- About this exercise -
Using the entries below, write out the line with "A man in the", the line with "May include: A custom", and every line in between, exactly as each is written.

- Short descriptive text snippets -

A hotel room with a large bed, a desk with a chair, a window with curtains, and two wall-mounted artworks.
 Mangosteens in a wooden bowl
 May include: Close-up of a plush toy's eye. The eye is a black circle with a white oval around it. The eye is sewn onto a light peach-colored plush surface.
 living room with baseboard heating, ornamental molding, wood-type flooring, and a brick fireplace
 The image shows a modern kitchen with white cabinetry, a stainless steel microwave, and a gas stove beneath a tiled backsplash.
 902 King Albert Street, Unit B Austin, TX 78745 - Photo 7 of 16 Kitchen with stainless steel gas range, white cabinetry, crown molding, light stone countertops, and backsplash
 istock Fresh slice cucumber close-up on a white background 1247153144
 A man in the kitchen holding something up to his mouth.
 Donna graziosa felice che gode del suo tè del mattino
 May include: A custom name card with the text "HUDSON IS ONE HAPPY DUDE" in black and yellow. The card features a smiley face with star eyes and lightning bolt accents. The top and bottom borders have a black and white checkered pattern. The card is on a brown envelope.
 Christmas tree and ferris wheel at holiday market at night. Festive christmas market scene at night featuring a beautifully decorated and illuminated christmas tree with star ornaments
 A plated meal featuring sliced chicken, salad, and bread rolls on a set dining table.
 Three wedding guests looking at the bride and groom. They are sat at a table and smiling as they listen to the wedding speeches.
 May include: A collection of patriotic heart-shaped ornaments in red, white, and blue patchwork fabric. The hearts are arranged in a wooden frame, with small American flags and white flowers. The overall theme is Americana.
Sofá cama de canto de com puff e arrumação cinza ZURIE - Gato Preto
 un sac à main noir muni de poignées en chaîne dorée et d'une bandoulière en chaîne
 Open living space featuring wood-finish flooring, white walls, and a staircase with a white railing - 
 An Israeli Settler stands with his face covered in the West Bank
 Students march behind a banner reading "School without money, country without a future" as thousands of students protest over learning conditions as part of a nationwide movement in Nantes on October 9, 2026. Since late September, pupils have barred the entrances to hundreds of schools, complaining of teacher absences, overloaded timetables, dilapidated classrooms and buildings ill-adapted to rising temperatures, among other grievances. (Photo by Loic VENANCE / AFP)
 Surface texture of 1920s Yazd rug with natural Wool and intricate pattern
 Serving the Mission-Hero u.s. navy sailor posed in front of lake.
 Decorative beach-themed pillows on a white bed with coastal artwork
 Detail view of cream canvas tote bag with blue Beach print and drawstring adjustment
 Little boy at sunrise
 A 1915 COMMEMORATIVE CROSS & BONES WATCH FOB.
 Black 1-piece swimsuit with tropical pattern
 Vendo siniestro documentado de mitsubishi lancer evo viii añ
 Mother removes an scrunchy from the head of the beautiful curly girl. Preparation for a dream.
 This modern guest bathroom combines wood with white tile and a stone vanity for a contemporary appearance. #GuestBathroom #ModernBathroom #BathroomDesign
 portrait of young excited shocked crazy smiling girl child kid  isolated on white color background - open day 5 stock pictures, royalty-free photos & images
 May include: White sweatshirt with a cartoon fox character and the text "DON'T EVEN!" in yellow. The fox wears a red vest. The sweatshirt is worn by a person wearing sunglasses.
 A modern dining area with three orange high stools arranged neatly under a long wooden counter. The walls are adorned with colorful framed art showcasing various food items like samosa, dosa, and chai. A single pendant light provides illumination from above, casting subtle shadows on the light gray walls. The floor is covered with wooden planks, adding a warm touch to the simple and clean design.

- Task solution -
 A man in the kitchen holding something up to his mouth.
 Donna graziosa felice che gode del suo tè del mattino
 May include: A custom name card with the text "HUDSON IS ONE HAPPY DUDE" in black and yellow. The card features a smiley face with star eyes and lightning bolt accents. The top and bottom borders have a black and white checkered pattern. The card is on a brown envelope.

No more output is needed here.